Data in this exercise:

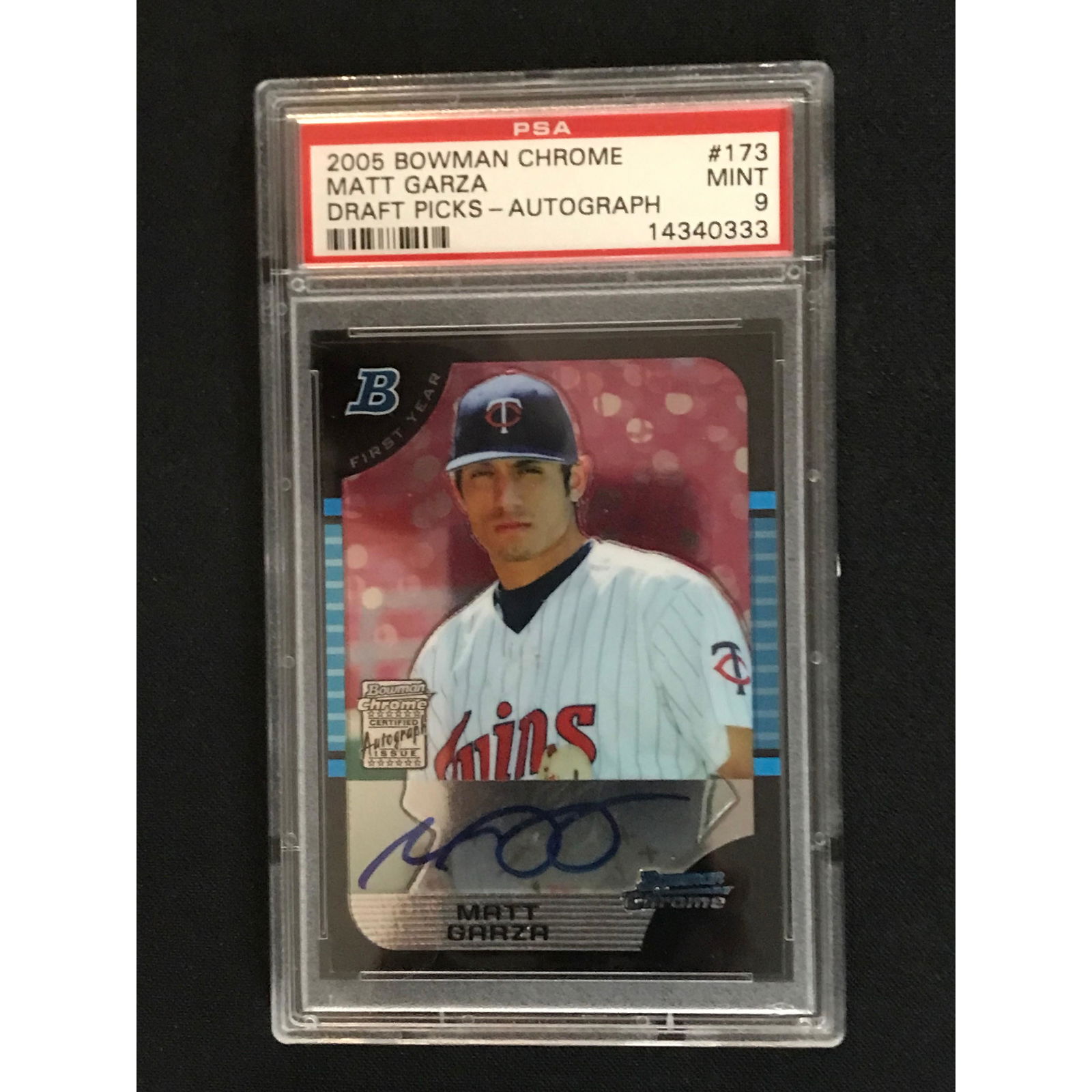 2005 Bowman Chrome Matt Garza Rc Auto Psa 9 (1 of 2)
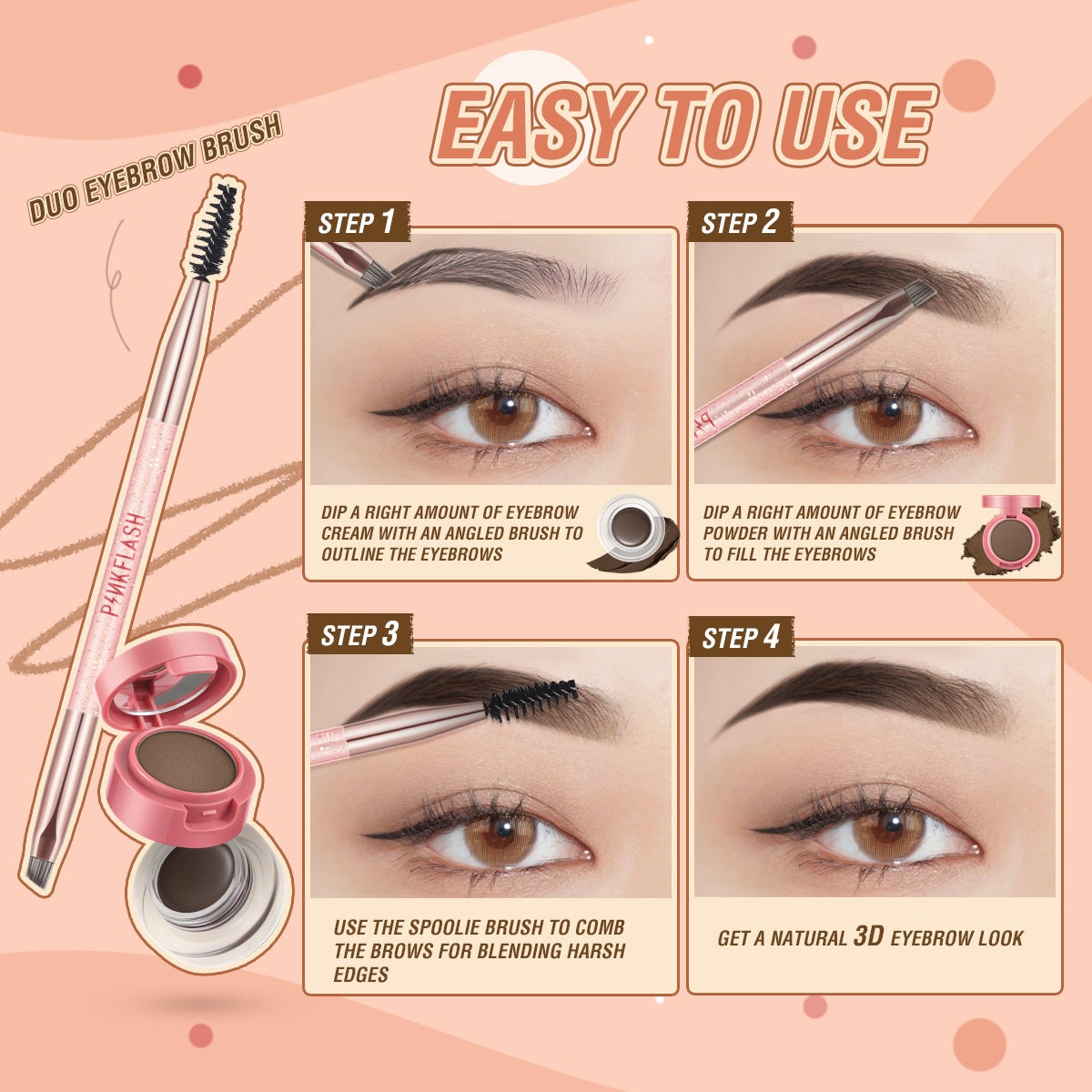 Pinkflash Duo Effect Eyebrow Kit PF-E22 #1 Dark Brown Grey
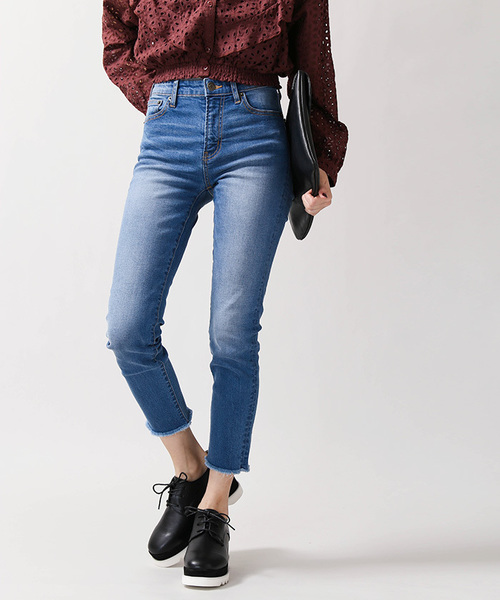 WEGO（ウィゴー）の「WEGO/フレイドヘムパワーストレッチスキニー（デニムパンツ・レディース・ダークインディゴブルー/インディゴブルー/ブラック/ピンク・LARGE/MEDIUM/SMALL）」の19枚目の写真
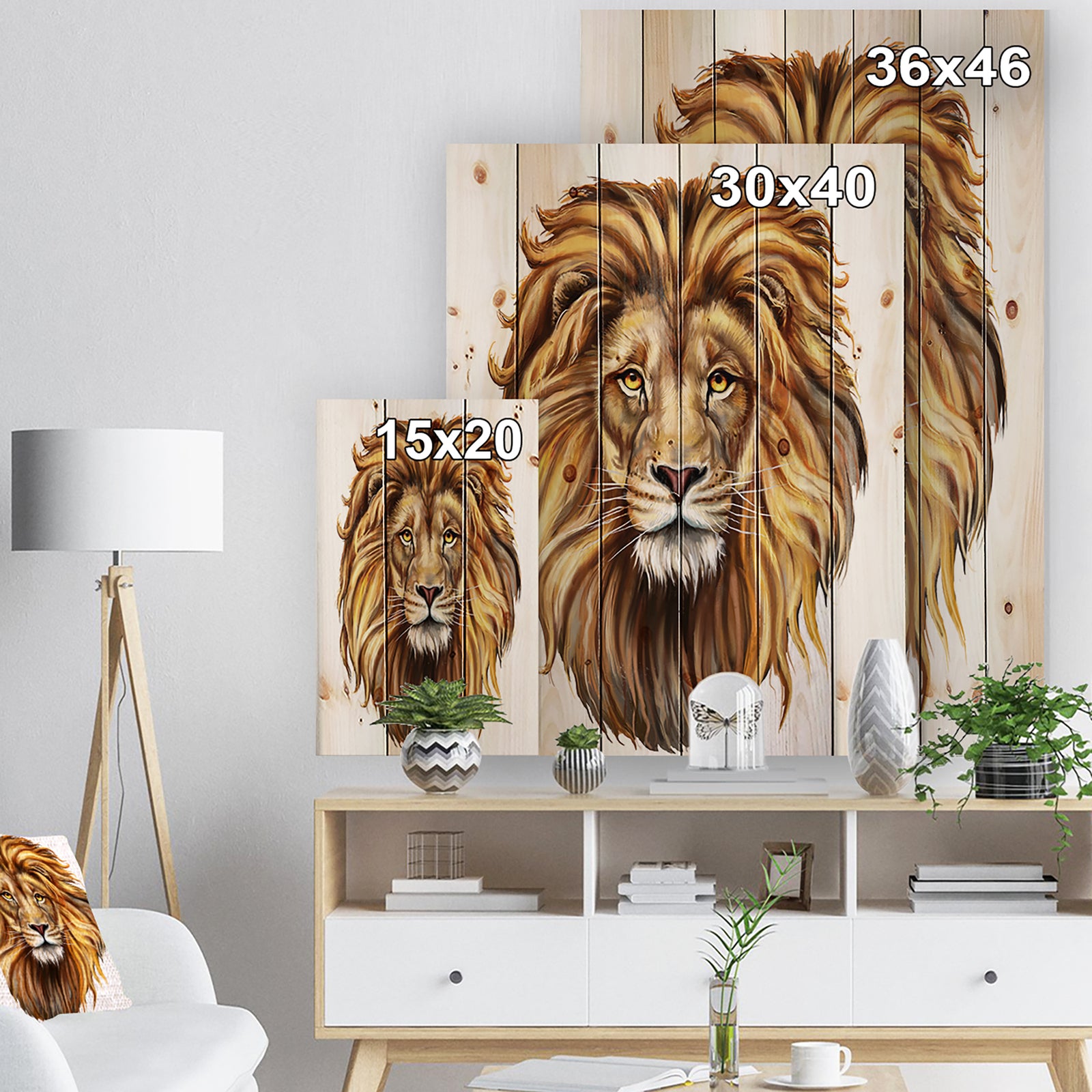 King Lion Aslan - Animal Art Print on Natural Pine Wood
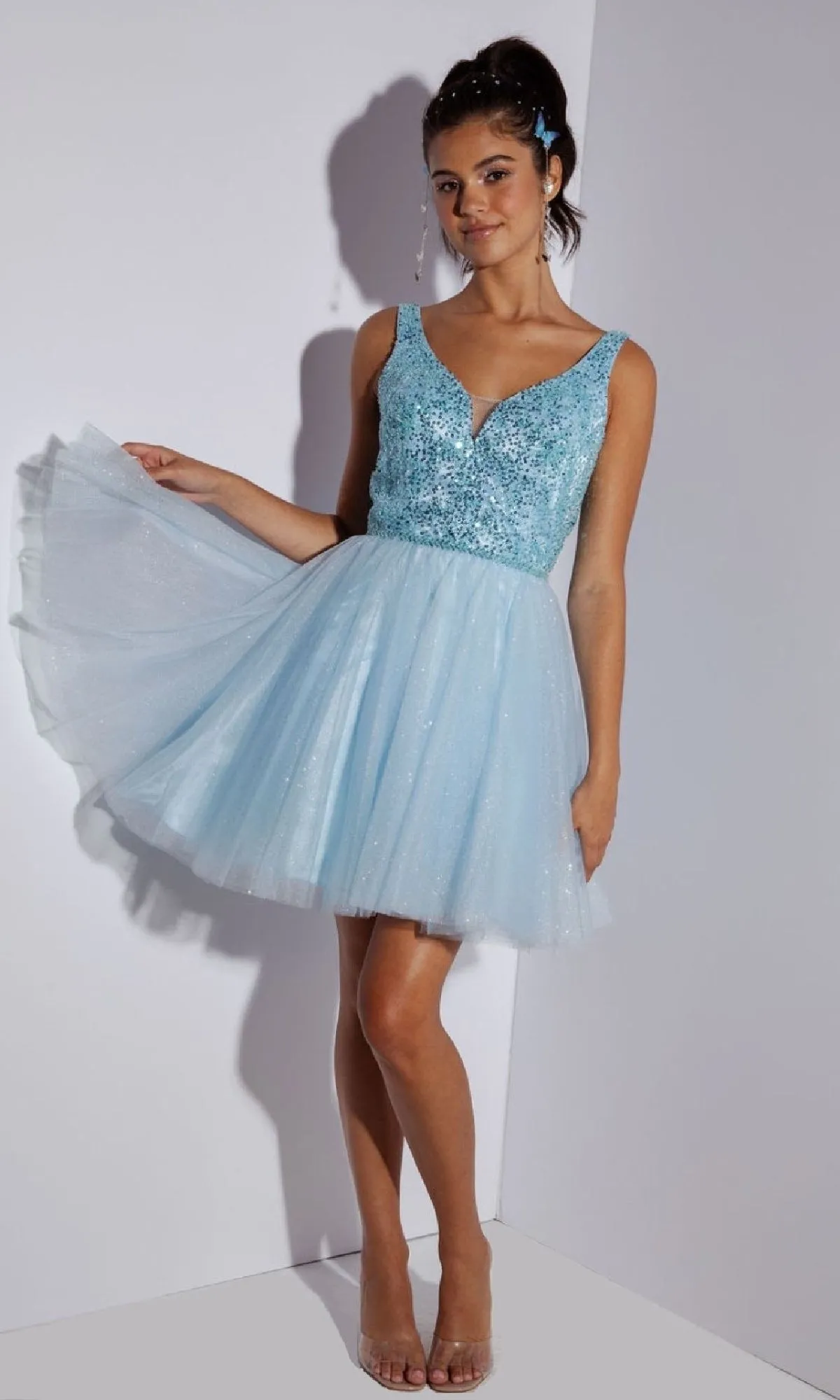 Glitter-Bodice Short A-Line Hoco Dress: Eureka 9926 sold by PromGirl product image thumbnail 3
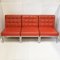 Vintage Canape Chair in Skai Rouge and Steel, 1960s, Set of 3 12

Required action:
Reproduce each entry precisely. Leave the pictures out.

Written answer:
 2005 Bowman Chrome Matt Garza Rc Auto Psa 9 (1 of 2)
 Pinkflash Duo Effect Eyebrow Kit PF-E22 #1 Dark Brown Grey
 WEGO（ウィゴー）の「WEGO/フレイドヘムパワーストレッチスキニー（デニムパンツ・レディース・ダークインディゴブルー/インディゴブルー/ブラック/ピンク・LARGE/MEDIUM/SMALL）」の19枚目の写真
 King Lion Aslan - Animal Art Print on Natural Pine Wood
 Glitter-Bodice Short A-Line Hoco Dress: Eureka 9926 sold by PromGirl product image thumbnail 3
 Vintage Canape Chair in Skai Rouge and Steel, 1960s, Set of 3 12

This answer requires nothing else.